Robust Tool Wear Prediction using Multi-Sensor Fusion and Time-Domain Features for the Milling Process using Instance-based Domain Adaptation

Tool wear prediction is a significant task in milling, offering several benefits including cost reduction, improved quality, and enhanced productivity. However, predicting a tool wear is challenging due to the inherent uncertainty of the milling process and the types of data that can be used for prediction. Further, limited availability of labeled training data in the target domain makes it challenging to train models precisely and reduces their predictive performance. Thus, present study tackles this issue with a novel TrAdaBoost Regressor (instance-based domain adaptation) approach with real-time machining data.
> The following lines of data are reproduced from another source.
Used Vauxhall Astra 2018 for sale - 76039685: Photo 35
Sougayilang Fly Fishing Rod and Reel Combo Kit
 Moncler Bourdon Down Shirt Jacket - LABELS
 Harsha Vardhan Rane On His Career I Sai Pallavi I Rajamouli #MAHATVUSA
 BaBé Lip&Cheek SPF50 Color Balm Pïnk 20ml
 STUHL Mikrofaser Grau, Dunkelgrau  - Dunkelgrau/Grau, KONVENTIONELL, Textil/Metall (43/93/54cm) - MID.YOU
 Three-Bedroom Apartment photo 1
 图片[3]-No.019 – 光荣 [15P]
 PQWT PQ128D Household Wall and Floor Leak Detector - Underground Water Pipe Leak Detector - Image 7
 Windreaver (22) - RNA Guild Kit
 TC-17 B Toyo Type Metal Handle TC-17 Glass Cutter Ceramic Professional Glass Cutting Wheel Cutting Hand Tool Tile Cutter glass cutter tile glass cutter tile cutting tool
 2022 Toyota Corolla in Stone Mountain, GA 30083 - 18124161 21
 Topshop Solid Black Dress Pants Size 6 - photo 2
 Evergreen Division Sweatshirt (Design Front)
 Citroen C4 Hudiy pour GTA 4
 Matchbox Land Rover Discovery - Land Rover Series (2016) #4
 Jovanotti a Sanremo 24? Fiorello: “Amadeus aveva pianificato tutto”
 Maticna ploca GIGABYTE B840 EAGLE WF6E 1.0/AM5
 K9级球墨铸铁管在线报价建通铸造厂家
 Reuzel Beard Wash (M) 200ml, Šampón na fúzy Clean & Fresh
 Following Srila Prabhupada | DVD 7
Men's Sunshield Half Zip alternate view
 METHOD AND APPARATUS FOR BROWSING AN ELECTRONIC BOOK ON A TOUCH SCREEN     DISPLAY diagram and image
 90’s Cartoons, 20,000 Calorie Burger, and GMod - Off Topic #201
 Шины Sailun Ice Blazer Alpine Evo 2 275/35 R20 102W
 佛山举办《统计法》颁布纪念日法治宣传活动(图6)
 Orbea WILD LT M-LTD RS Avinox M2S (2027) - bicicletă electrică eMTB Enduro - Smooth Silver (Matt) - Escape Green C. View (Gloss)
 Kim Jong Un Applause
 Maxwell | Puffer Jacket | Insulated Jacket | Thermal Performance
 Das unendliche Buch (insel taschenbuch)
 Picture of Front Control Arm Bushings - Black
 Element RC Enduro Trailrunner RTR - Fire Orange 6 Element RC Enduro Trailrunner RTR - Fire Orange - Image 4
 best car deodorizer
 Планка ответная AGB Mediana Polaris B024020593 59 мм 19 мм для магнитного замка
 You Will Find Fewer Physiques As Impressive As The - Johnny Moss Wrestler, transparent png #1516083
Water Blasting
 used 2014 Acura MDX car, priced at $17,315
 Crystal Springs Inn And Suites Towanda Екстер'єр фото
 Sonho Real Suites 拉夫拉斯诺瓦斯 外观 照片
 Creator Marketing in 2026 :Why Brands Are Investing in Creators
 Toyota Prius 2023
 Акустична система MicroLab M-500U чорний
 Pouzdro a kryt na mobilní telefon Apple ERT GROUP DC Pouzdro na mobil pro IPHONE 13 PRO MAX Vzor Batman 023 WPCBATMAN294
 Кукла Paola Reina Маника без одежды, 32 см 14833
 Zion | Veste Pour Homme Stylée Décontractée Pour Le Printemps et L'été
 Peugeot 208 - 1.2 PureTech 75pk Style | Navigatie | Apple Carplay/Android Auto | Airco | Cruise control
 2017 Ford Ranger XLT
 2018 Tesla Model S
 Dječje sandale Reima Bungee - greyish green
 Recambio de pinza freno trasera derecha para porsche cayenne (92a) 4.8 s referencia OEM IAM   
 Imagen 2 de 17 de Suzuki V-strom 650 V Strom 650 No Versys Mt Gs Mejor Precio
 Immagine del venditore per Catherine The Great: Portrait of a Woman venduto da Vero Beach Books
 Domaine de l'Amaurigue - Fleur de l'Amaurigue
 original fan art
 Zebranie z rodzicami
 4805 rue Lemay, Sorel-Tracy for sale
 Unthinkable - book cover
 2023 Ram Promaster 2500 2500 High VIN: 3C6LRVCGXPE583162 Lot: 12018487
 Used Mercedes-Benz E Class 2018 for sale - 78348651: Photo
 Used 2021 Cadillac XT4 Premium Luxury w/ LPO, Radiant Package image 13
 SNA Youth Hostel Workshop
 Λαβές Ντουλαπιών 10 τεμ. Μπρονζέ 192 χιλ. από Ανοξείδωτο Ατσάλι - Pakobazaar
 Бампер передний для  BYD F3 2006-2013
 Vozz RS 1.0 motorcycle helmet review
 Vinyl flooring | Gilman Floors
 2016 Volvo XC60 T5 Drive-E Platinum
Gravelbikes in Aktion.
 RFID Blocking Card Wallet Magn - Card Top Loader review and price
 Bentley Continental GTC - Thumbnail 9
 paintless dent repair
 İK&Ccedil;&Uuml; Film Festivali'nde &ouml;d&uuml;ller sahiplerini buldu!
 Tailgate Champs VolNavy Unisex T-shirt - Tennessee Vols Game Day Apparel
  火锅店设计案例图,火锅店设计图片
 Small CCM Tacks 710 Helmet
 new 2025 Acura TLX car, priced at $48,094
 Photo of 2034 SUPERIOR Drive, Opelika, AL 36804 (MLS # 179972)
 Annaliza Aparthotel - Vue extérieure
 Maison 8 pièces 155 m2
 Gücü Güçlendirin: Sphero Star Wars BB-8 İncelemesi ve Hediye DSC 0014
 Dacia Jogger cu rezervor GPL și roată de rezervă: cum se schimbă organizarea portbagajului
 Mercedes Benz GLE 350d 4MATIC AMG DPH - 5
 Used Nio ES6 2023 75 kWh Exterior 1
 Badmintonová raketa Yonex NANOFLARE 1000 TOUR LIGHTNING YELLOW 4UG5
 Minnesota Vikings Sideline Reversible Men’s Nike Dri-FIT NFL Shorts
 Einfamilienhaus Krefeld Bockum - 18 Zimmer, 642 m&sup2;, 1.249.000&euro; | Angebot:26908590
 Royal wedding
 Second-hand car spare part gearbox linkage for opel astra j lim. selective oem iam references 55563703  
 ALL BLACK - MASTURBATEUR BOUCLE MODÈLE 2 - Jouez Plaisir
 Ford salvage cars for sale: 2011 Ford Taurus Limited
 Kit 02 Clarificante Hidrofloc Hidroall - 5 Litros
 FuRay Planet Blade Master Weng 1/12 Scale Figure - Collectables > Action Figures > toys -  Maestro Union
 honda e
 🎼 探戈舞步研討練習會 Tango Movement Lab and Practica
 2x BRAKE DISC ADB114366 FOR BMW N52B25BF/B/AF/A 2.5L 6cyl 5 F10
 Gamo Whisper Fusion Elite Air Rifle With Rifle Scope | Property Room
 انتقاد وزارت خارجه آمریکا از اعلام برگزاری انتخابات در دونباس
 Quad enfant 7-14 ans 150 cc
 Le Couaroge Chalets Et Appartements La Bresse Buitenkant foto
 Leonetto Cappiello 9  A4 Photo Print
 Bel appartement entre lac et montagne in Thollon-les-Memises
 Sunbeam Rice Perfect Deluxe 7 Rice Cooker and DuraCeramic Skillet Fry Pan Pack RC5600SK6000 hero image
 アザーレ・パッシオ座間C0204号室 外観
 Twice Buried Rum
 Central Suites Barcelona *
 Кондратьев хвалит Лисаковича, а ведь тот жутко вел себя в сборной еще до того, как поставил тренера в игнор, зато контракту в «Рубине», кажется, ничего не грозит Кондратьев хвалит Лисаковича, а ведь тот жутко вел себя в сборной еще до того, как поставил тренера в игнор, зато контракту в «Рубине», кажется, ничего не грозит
TrAdaBoost leverages information from the labeled source domain to improve predictions in the target domain, effectively utilizing the available labeled data and unlabeled target data. The TrAdaBoost Regressor is the combination of adaptive boosting and instance-weighting for the source and target domain. Hence, it is implemented to optimize predictive performance and enhance generalizability of a model across varying machining parameters. Real-time machining data is acquired and processed through sequence of steps including feature extraction, scaling, and feature selection. The selected features are used for wear prediction with TrAdaBoost Regressor through various base estimators and their performance is evaluated using different evaluation metrics. Thus results shows that, TrAdaBoost Regressor with RFR gives the highest R2 score in the range of 0.989-0.999 during tool wear prediction for the features selected using SFS with RFR. Also, the proposed approach addresses the challenges of covariate shift and data scarcity in tool wear prediction and prove its adaptability during tool wear prediction for new unlabeled data.